Des Français rassemblés à l’ambassade
Lundi, l’Union africaine avait suspendu la participation de la Centrafrique à l’organisation. Elle avait également imposé des sanctions contre sept responsables du Séléka dont M. Djotodia. Les Etats-Unis et l’Union européenne avaient condamné le changement de gouvernement « par la force ». Washington a menacé mardi de geler près de 2,2 millions d’aide, qualifiant « d’inacceptables » les pillages en cours.
M. Bozizé était lui-même arrivé au pouvoir par les armes en 2003, à la tête d’une rébellion qui avait chassé le président Ange-Félix Patassé.
Réfugié au Cameroun, c’est dans un hôtel de luxe de Yaoundé qu’il a passé la nuit.
« M. Bozizé été logé à l’hôtel Hilton. Des négociations sont en cours pour qu’il parte le plus rapidement possible vers un autre pays », selon une autorité administrative.

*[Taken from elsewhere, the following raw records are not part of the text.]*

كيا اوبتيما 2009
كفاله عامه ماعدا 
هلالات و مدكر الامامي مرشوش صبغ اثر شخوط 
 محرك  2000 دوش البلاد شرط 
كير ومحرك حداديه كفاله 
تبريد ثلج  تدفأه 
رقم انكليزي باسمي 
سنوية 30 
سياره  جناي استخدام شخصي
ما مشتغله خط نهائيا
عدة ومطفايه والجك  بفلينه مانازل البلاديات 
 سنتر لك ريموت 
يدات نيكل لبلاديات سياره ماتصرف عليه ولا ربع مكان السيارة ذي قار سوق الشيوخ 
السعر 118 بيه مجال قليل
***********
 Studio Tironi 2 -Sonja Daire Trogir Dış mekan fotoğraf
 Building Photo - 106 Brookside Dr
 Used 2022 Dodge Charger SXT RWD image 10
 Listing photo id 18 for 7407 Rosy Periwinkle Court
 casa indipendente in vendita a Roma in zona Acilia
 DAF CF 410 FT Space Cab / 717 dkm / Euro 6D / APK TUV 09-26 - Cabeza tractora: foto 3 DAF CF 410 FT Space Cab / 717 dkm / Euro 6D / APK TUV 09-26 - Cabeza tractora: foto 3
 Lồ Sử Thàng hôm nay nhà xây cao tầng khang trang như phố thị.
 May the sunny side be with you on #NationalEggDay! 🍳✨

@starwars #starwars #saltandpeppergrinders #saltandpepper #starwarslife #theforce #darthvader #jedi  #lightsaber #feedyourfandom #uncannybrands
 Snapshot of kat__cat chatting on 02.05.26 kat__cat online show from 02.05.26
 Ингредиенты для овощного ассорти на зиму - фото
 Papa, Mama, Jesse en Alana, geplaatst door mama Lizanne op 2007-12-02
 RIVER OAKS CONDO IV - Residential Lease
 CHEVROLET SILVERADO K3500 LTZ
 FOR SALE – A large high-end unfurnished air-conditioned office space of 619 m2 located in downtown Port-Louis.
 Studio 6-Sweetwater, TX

Lundi, deux Indiens avaient été tués par erreur par des soldats français chargés de protéger l’aéroport de Bangui.
Durant le week-end, la France avait renforcé son dispositif militaire en Centrafrique où vivent 1.200 Français, y déployant quelque 550 soldats.
Mardi, à l’ambassade de France à Bangui, une vingtaine de Français attendaient, à bord d’un camion de l’armée française, un transfert vers l’aéroport. Selon le témoignage d’un père tenant son bébé de 18 mois sur les genoux, ils avaient été évacués de chez eux dimanche: « Samedi, nous avions été pillés plusieurs fois, menacés par des gens en armes à plusieurs reprises, on avait eu très peur ».
Au ministère français des Affaires étrangères, on indiquait mardi qu’il n’y avait « pas d’ordre de regroupement des Français de Bangui préalable à une évacuation » mais une aide « ponctuelle » à des Français victimes de pillages.
En Afrique du Sud, le principal parti d’opposition a exigé une commission d’enquête parlementaire après le décès de 13 militaires sud-africains, tués lors de l’assaut du Séléka sur la capitale.